The recursive approach is a form of top-down dynamic programming, i.e. it breaks a large problem into smaller and smaller subproblems, until the subproblems can be solved. Other solutions use bottom-up dynamic programming, i.e. start from small elementary problems and expand them to larger problems; they often use a matrix or table and iterate over the matrix to expand it. The bottom-up approach also as a time complexity roughly proportional to the product of the two string lengths. So, while the two approaches may not be equivalent (the bottom-up approach is likely to be faster), they have the same time complexity, which means that they essentially scale up essentially the same way when the size of the strings increase. Here, we will use the recursive (top-down) approach.
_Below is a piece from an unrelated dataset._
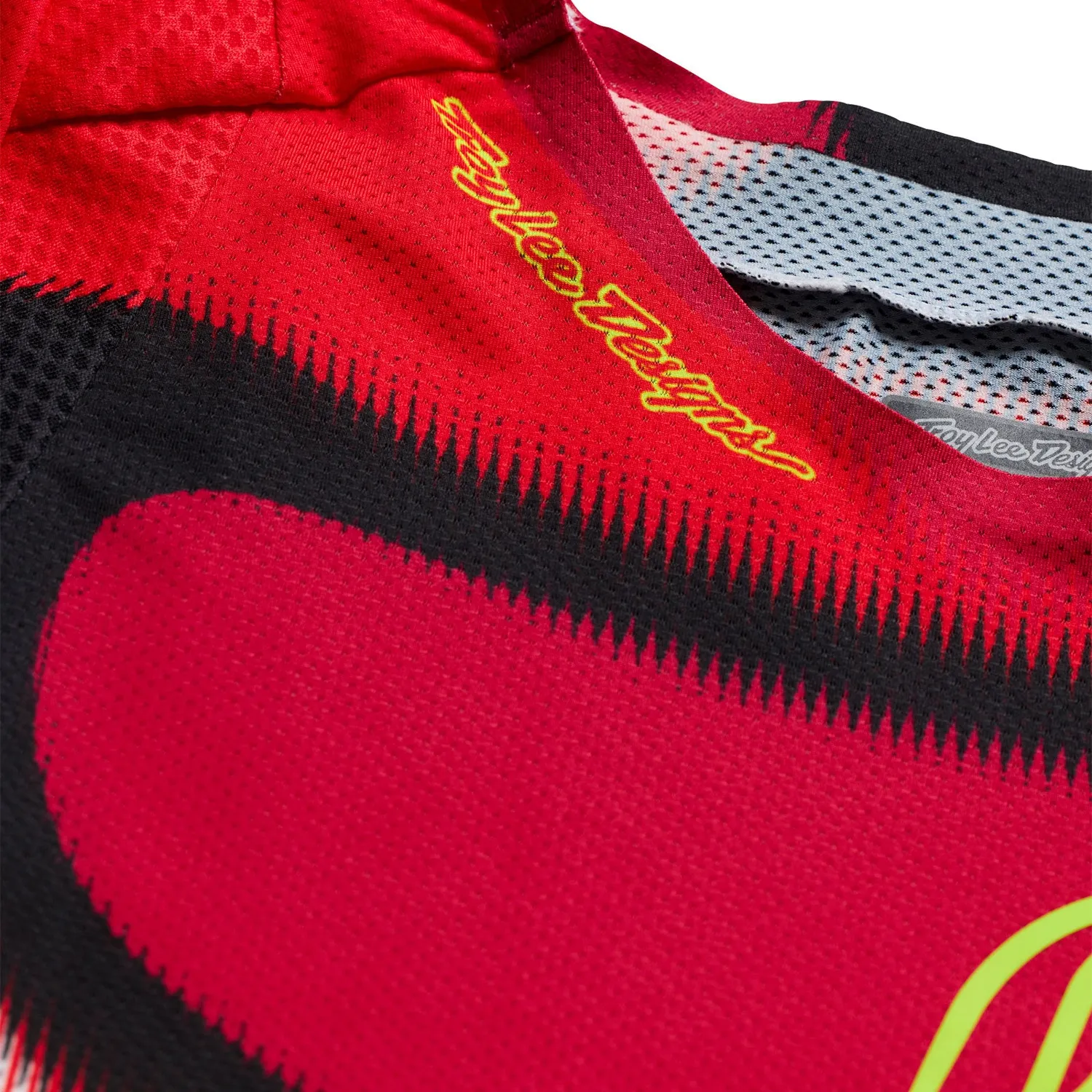 Troy Lee Designs SE Pro Illusion maglia rosso nero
Note that our implementations will work the other way around, from right to left. The only reason for this is that I had written about four years ago an edit-distance program in Perl, and I found it easier to start from that implementation.

Edit Discance in Raku

We present two implementations of a cached implementation of the recursive solution.

Memoized Version (Raku)

First, we implement a “naïve” edit-distance recursive function and use the Raku Memoize module (written by my friend Elizabeth Mattijsen as a port of Mark-Jason Dominus’s equivalent Perl module) to automatically perform the caching of already computed distances:

use v6;
use Memoize;

sub edit-distance (Str $left, Str $right) {
    # If one of the substrings is empty, return the length of the other
    return $right.chars unless $left;
    return $left.chars unless $right;
    my $shortened-left  = substr $left,  0, *-1;
    my $shortened-right = substr $right, 0, *-1;

    # If the last chars are the same, we ignore them
    # and call edit-distance on shortened strings    
    return edit-distance $shortened-left, $shortened-right 
        if substr($left, *-1) eq substr($right, *-1);

    # Else find the minimum between the three operations
    return 1 + min(
        edit-distance($left,       $shortened-right), #insert
        edit-distance($shortened-left,  $right),      #remove
        edit-distance($shortened-left,  $shortened-right)  #replace
    );
}    

memoize("edit-distance");

my @test-pairs = (
    [ < kitten sitting >],
    [ < Monday Friday > ],
    [ < Sunday Saturday > ],
    [ < January February > ],
    [ < November December > ],
    [ < constitutionally anticonstitutional > ],
    [ < LMIjkHFSAE dmqkdjfERZG >],
);
for @test-pairs -> @test {
    my ($str1, $str2) = @test;
    print edit-distance($str1, $str2), " $str1 - $str2\n";
}

This program produces the following output:

$ time raku edit-distance.raku
3 kitten - sitting
3 Monday - Friday
3 Sunday - Saturday
4 January - February
3 November - December
6 constitutionally - anticonstitutional
11 LMIjkHFSAE - dmqkdjfERZG
-
real    0m1,452s
user    0m0,015s
sys     0m0,046s

Note how much faster this program is (1.45 seconds for 8 tests), compared to the non-optimized version with only the last test discussed above (about 1 min 15 sec for only one string pair).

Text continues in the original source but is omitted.